What I said before and will repeat is that if you want to use NAT and
VPN you want to do inside NAT (addmittingly handling the local machine
is a different story). I have done that years ago with ipfw. Then your
SA works on the NAT IP. I used it to avoid formerly RFC1918 address
collisions by NATing to an unrouted public IP for just the VPNs.
THe NAT IP will not be bound to any interface at all.

There is a reason major vendors have been doing inside and outside NAT
for ages now.  That pf cannot do that is bad and a design problem there.
The "commit Theo calls me insane for"  moves into the direction of
fixing that but when I talked to OpenBSD people at EuroBSDCon they said
something along the lines of "it's not entirely there yet and still
disabled because there are a few things that would work entirely as
expected".

There is abosultely no need to change the IP stack to accomplish that.

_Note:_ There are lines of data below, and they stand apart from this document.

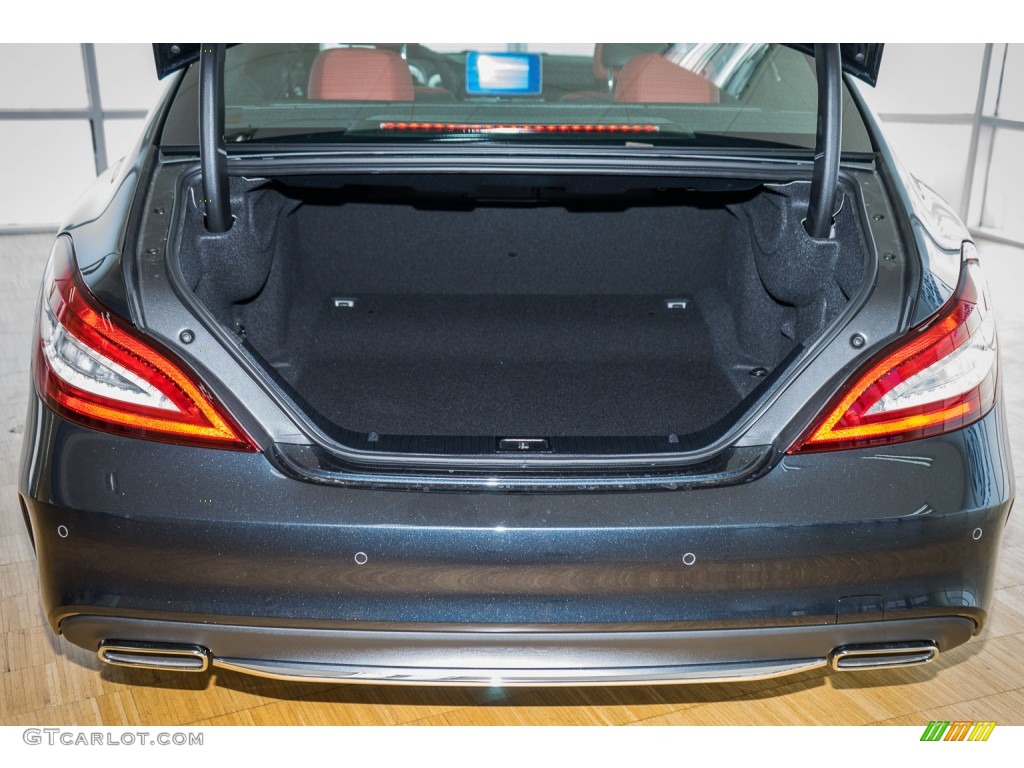 2015 Mercedes-Benz CLS 550 Coupe Trunk Photo #104437448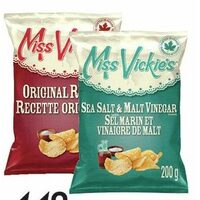 Miss Vickie's Kettle Chips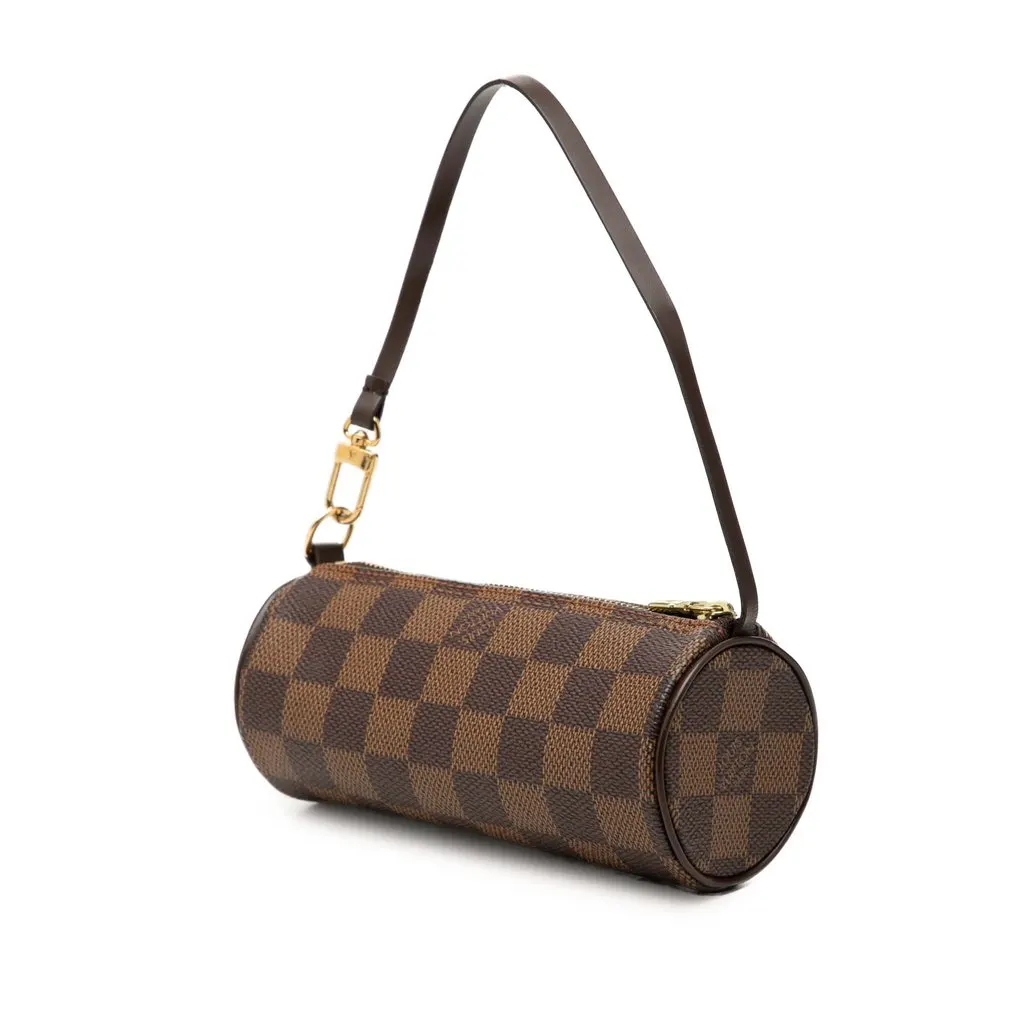 Louis Vuitton Damier Ebene Papillon Pochette Brown Very good - Back View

If you want to do it with pf + enc + NAT you can actually do that even
without patches but a bad ugly not to publish hack, that you will most
likely only want to do if you control all endpoints:
you add two policies: one with your internal network and one with your
NAT IP on both sides. racoon , configured correctly, will negotiate the
SA and share it for the tunnel endpoints for both policies.
The remote destination will never see a packet with a src of your
internal IPs but it will have a policy for it - else negotiation would
fail.  You may need to assure that no packets travel your way with the
1st, internal, policy in the firewall.

What I see with the OpenBSD change is that their hack does nothing but
get rid of the 1st policy for the internal network on the peer. Not
sure if they still need it locally or if they hacked the stack for
that; from what I see FreeBSD would have to do that.

/bz

-- 
Bjoern A. Zeeb         It will not break if you know what you are doing.